Le «Macron show» lors du G7 à Biarritz a été largement commenté et souvent salué. Bénéficie-t-il de ce genre de séquence dans les enquêtes d’opinion ?
Les Français font crédit au président de la République d’une vraie capacité à défendre les intérêts de la France sur la scène internationale (55%). C’est même considéré comme un pilier positif de son action quand sa déconnexion avec le quotidien des Français reste une difficulté importante. D’une manière générale, les Français sont d’ailleurs plutôt bienveillants avec leur chef de l’Etat quand celui-ci agit sur la scène internationale. Mitterrand au moment de l’intervention au Koweït ou Jacques Chirac lors du «non» à la guerre en Irak ont chacun profité d’un gain de popularité, mais habituellement ce n’est pas sur ce critère que les Français jugent l’action présidentielle.
Là où les choses changent un peu, c’est que les actions de Macron hors de nos frontières ne sont pas d’ordre militaire : on pense plutôt au Sarkozy de la crise de 2008. De plus, la question écologique est au cœur de ses interventions, en France comme à l’étranger.
Même quand il agit à l’étranger, les thèmes qu’il aborde ont effectivement des conséquences nationales, que ce soit la taxation des Gafa ou la lutte contre le réchauffement climatique. Si on ne rentre pas dans le détail, la séquence du G7 donne l’image d’un président engagé, courageux et cohérent. Et cela a un impact alors que les enjeux internationaux intéressent de plus en plus les Français notamment la question écologique que vous évoquiez. Dans notre rubrique «les sujets dont les gens parlent le plus», la forêt amazonienne, fin août, émerge largement en tête devant la crise des urgences à l’hôpital.

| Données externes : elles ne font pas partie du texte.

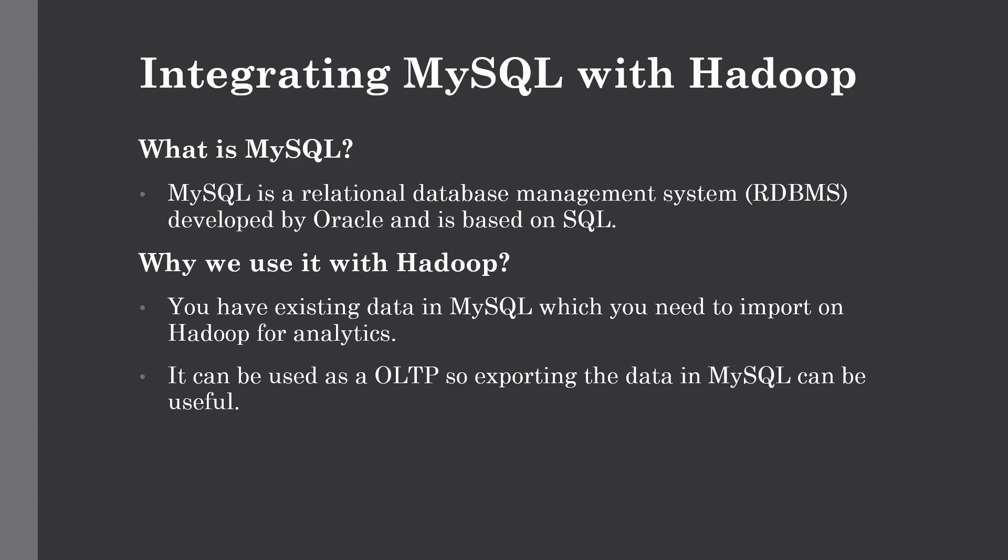Hello and welcome back to the channel. In this lecture we're going to discuss using MySQL with Hadoop. First, let me give an overview of what is MySQL. MySQL is a type of relational database management system, also known as RDBMS, developed by Oracle and based on SQL.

La situation économique a, elle, toujours beaucoup pesé sur la popularité du couple exécutif. Qu’en est-il pour Emmanuel Macron ?
J’assiste depuis plusieurs semaines à quelque chose que je n’avais jamais observé sous Sarkozy ou Hollande : les Français sont de plus en plus nombreux à valider un «ça va mieux» pour reprendre l’expression lancée lors du quinquennat précédent par François Hollande. La suppression progressive de la taxe d’habitation pour l’ensemble des Français, le prélèvement à la source qui fait dire à certaines personnes que nous interrogeons qu’elles ne paient pas d’impôts en cette rentrée, la prime d’activité ou les mesures sur les heures supplémentaires ont joué positivement. Les 17 milliards injectés pour répondre à la crise des gilets jaunes ont semble-t-il eu un effet sur le pouvoir d’achat de nombreux Français, qui sont 40% à juger qu’en la matière la situation s’améliore.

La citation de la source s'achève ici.